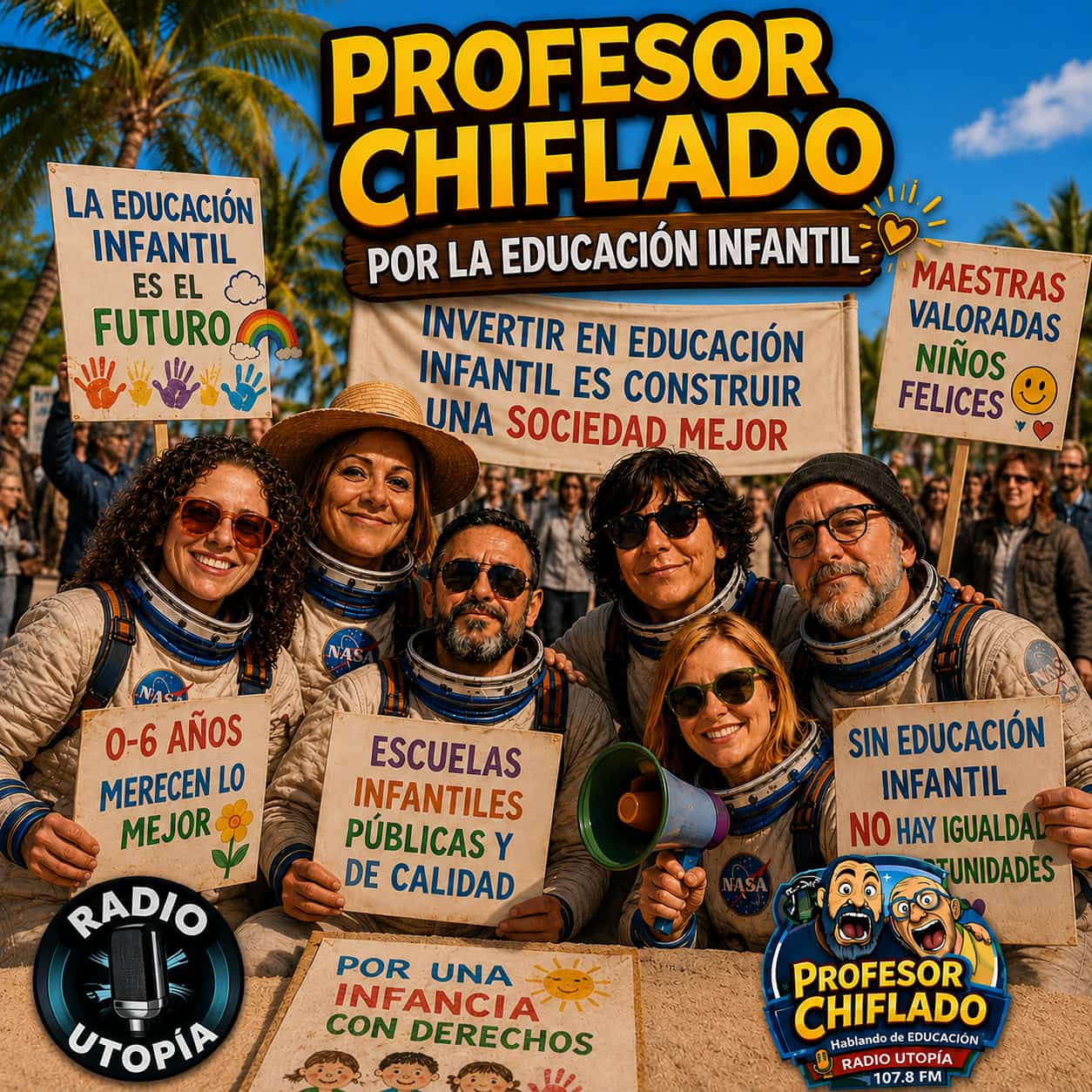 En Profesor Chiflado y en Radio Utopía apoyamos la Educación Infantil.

****************

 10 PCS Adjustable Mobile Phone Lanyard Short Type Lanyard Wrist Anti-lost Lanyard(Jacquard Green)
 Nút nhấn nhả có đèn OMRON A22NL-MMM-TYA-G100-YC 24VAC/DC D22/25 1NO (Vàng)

****************

Produce a word-for-word copy of everything above from the line holding "10 PCS Adjustable" down to the line holding "Nút nhấn nhả", with both of those lines kept.

▶ [WRITTEN SOLUTION]:
 10 PCS Adjustable Mobile Phone Lanyard Short Type Lanyard Wrist Anti-lost Lanyard(Jacquard Green)
 Nút nhấn nhả có đèn OMRON A22NL-MMM-TYA-G100-YC 24VAC/DC D22/25 1NO (Vàng)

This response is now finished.